Congruence properties of Lehmer-Euler numbers
Takao Komatsu, Guo-Dong Liu
TL;DR
This work investigates the arithmetic of Lehmer-Euler numbers $W_n$, generalizations of Euler numbers defined by a cubic-root symmetry. It develops a comprehensive framework: (i) foundational properties and multiple explicit representations of $W_{3n}$, (ii) detailed congruence analyses modulo powers of $3$ using Lucas-type methods and new conjectural stabilization patterns, (iii) incomplete variants $W_{n,\le m}$ and $W_{n,\ge m}$ with accompanying recurrences and closed forms, (iv) a higher-order generalization $W_{r,n}^{(\alpha)}$ that encompasses the original case at $r=3$, and (v) a novel polynomial sequence $\Delta(x,k)$ that connects Euler numbers to central factorial numbers via elegant identities.

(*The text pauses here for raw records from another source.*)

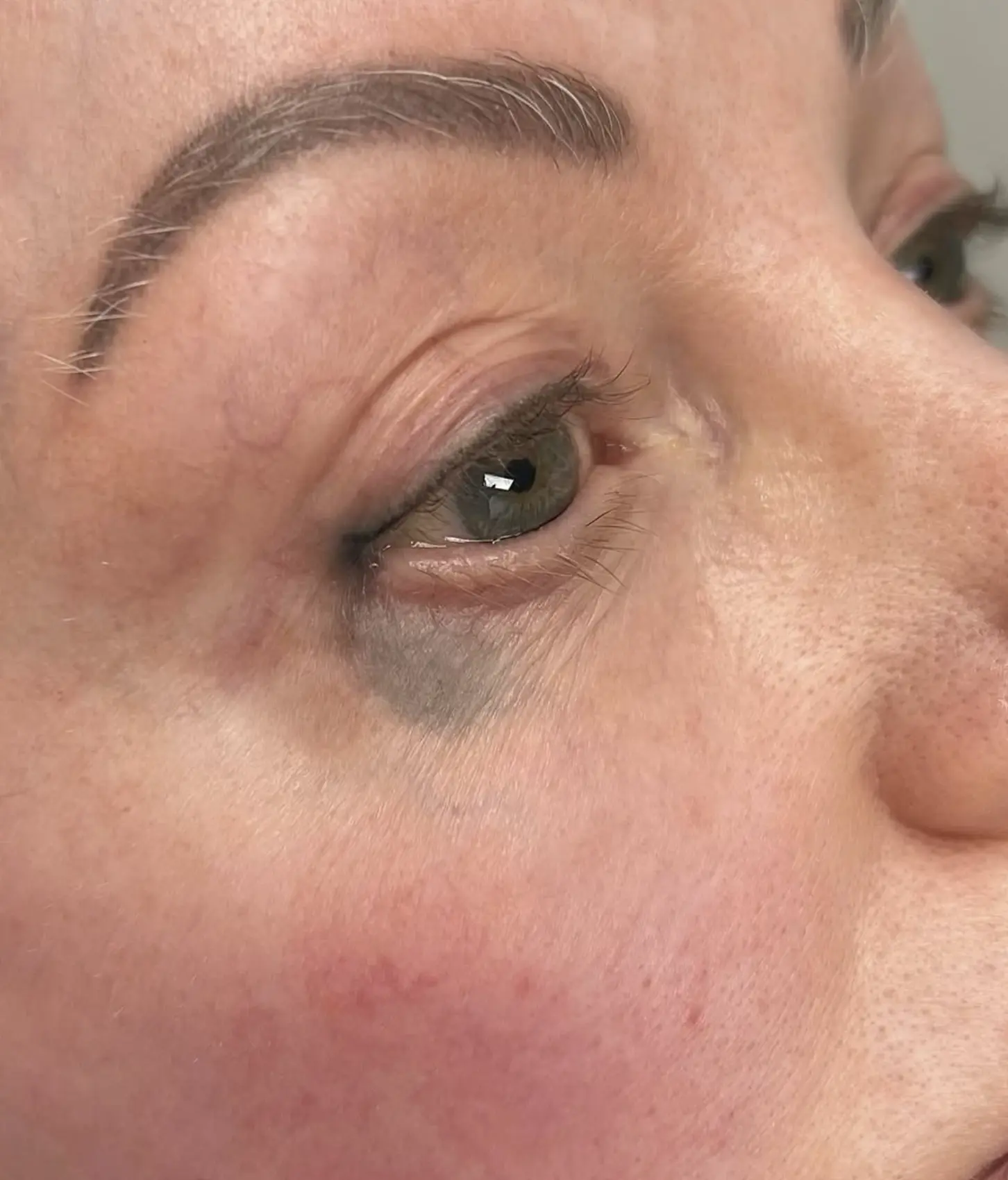 Day Trip Creative | Can you reverse an eyeliner tattoo? permanent eyeliner removal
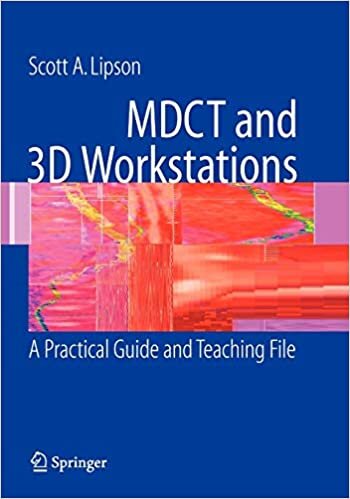 MDCT and 3D Workstations: A Practical How-To Guide and Teaching File indir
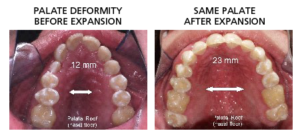 before and after palatal expansion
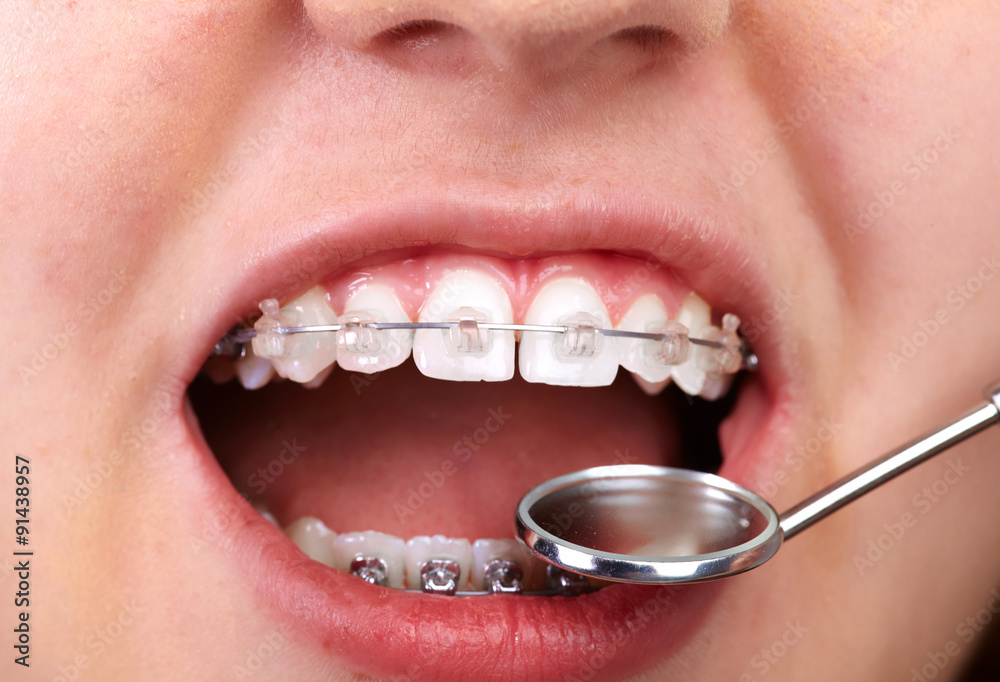 Fototapeta premium Teeth with orthodontic brackets.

These contributions illuminate the finer arithmetic structure of Lehmer-Euler numbers and broaden connections to central factorial combinatorics, with potential implications for number-theoretic congruences and combinatorial representations.
Abstract
Certain generalization of Euler numbers was defined in 1935 by Lehmer using cubic roots of unity, as a natural generalization of Bernoulli and Euler numbers. In this paper, Lehmer's generalized Euler numbers are studied to give certain congruence properties together with recurrence and explicit formulas of the numbers. We also show a new polynomial sequence and its properties. Some identities including Euler and central factorial numbers are obtained.